3. Tyro to unicorn at $2.75 a share

Yes, we know we just turned a noun into a verb.

Unicorn verb: the act of raising enough money for your startup that it has a $1 billion valuation. eg. Payments fintech Tyro will IPO at $2.75 a share, unicorning at a $1.36 billion market cap when it hits the ASX on December 6.

The book build got underway today and closes at noon tomorrow. Demand is sufficient for the company to hit its $2.75 top of the range price. That will raise $252.7 million, giving the company a total enterprise value of $1.2 billion and an indicative market cap of $1.36bn. It values the business at a modest, in tech terms at least, 12x gross profit for FY2020.

Around half – $125 million – is coming from new shares, the balance in a secondary offer to its 450 existing shareholders, which include Atlassian’s Mike Cannon-Brookes the company’s largest single shareholder with a 13.69% stake.

 

4. SheEO applications close Dec 3

SheEO Venture applications close in Australia on December 3. They’re looking for ventures that are majority women-owned, women-led and with solutions for what they call “the World’s To-Do List”.
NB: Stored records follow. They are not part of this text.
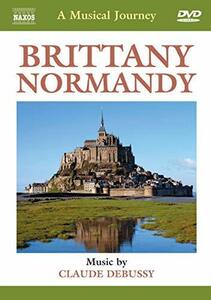 Musical Journey: Brittany & Normandy [DVD](中古 未使用品)　(shin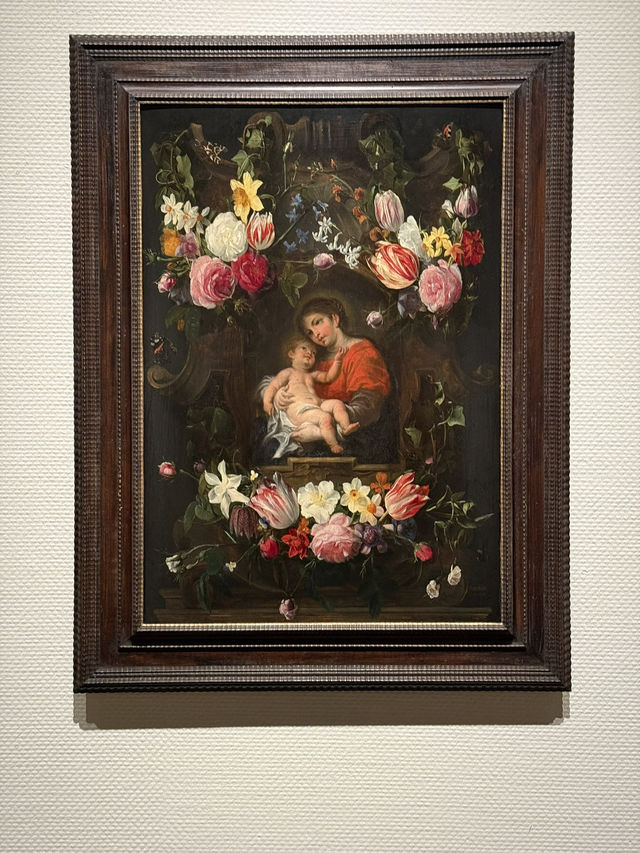 【上野】西洋絵画、どこから見るか? 【上野】西洋絵画、どこから見るか?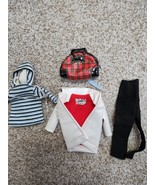 Vintage Barbie #975 Winter Holiday Set by Mattel 1959-1963 - $40.00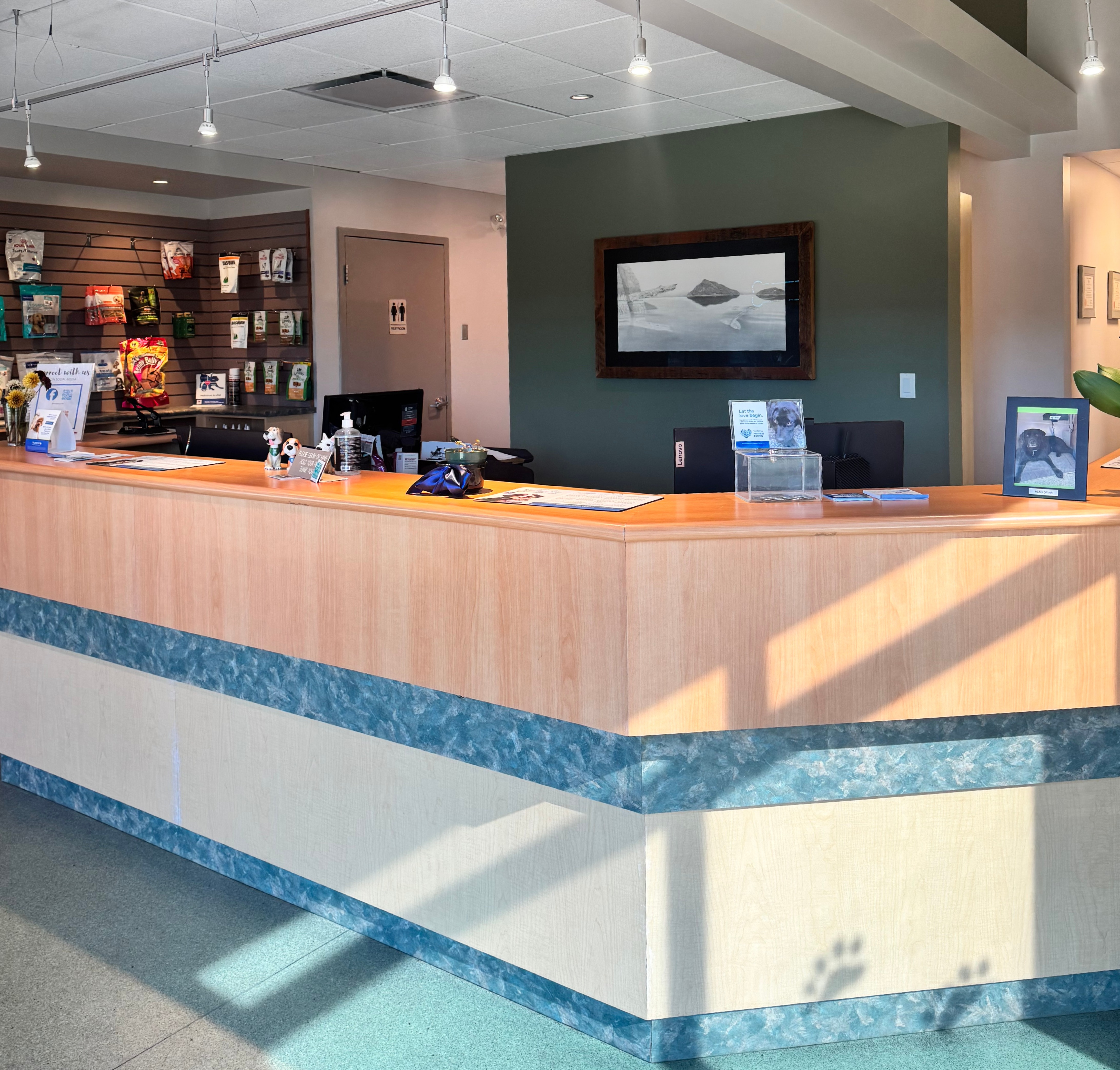 Breadner Veterinary Services in Saanichton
To be eligible, your startup needs to have had between $50,000 and $2 million in 2019. You don’t need a pitch deck, but you do need to answer the 10 questions here – eg. What are your top business challenges? How would you use this loan to grow your venture?

SheEO Venture recipients score a 0%-interest five-year term loan, coaching, a personalised retreat and the support of a global women’s network. More here, but hurry.

 

5. Catalysr’s pre-accelerator program hits in 2020.

The free entrepreneurship program backs migrant and refugee entrepreneurs to grow their startups.